As I sifted through the costumes at the Oahu Target with my kids, I felt like I was going through the motions but not really feeling the holiday spirit. It was hot outside, we were in tank tops and flip flops, yet we were knee-deep in fall festivities.
It dawned on me in the middle of this costume bonanza that this is our third Halloween on the road since leaving on this journey. As I looked at my daughter digging with delight through princess and angel costumes, I realized she has no memory of trick or treating because she was only four-years-old last time we were in the USA for Halloween.
My energy shifted, standing in the middle of that fall frenzy from one of resistance to one of celebration. We are on this journey to experience each day together and to see new landscapes. Yes, Halloween is familiar but Halloween in Hawaii is not. I decided to start research on the best place to trick or treat for a true American Halloween experience and ended up in a dreamlike experience that changed my perceptions of Halloween forever.
We spent our first Halloween on the road in the Molise Region of Southern Italy. Last year we were in Tuscany. Both experiences gave us time to reflect on what we appreciate about American traditions and also the importance those traditions have or don’t have in other parts of the world.
This year we were ventured to Laie, Hawaii on Oahu’s North Shore. It is a town of just over 6,000 people built around the Mormon Hawaiian Temple and the BYU Hawaii campus. This small town leaves a big impression and that is because of the people that make the community vibrant in a visceral way.
It was ALL about the kids. I have never seen so many kids of all ages celebrating, surrounded by a community of support. There is no door knocking or bell ringing as the weather brings everyone out into their driveways and yards. Tents and mazes are set up and families gather and give out candy, eat dinner, barbecue and scare each other! If you need to use the bathroom, the door is open. If you need a drink of water, no problem. The music pumping and lights flashing invited us down the street after street for hours. It felt good just to be a part of it all. We only stopped when my daughter buckled under the weight of her pillowcase full of candy.

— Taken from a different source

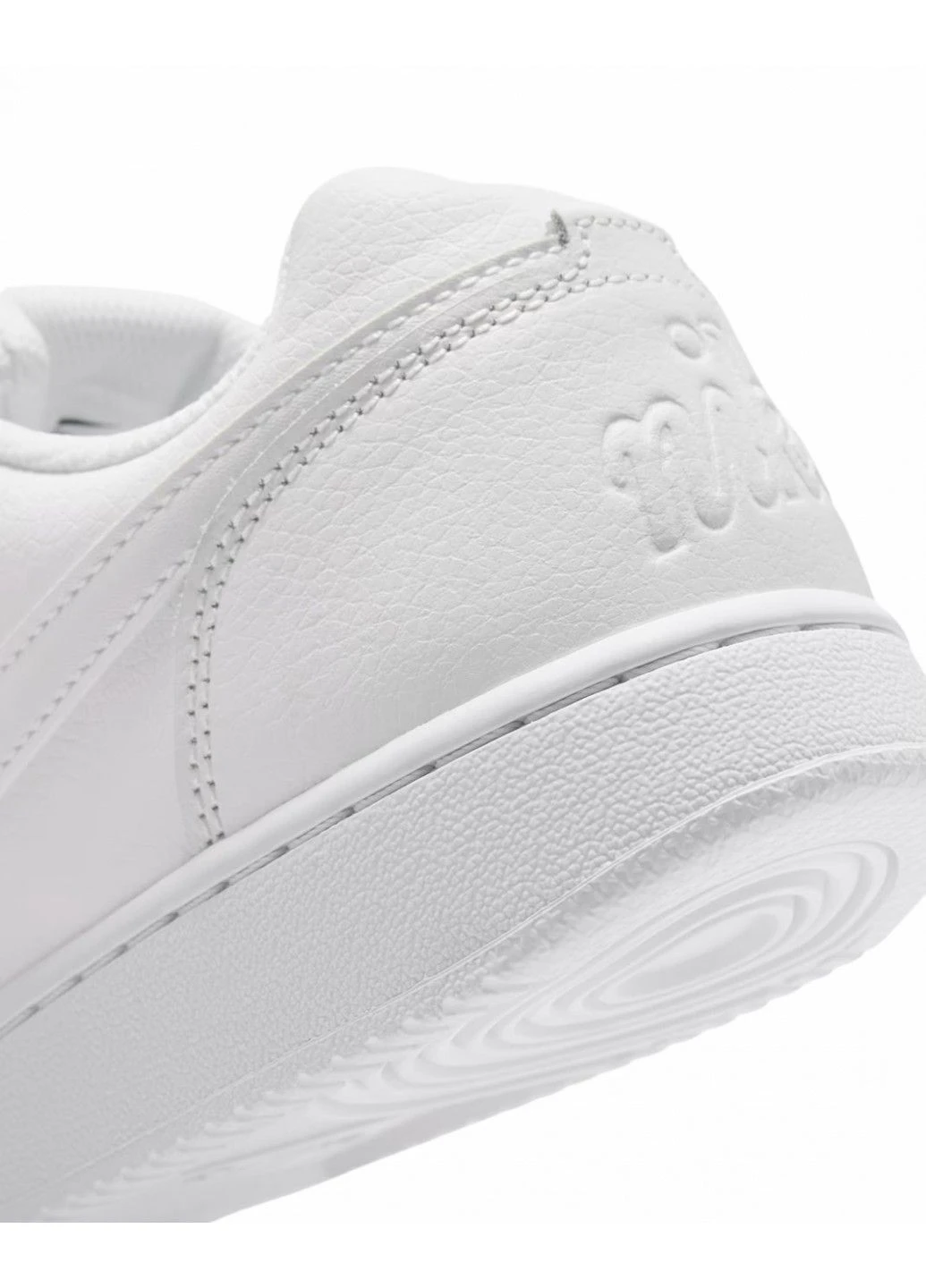 Белые кроссовки Nike WMNS NIKE EBERNON LOW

It was an all-American Halloween that looked nothing like the crisp fall days from my past, teaching me once again, that our perceptions are shaped by our experience. The more all-American experiences I have, the more I realize there is no such thing. Yes, we are all Americans but what that means to each of us is something profoundly different. That is what makes this country special. That is something to celebrate.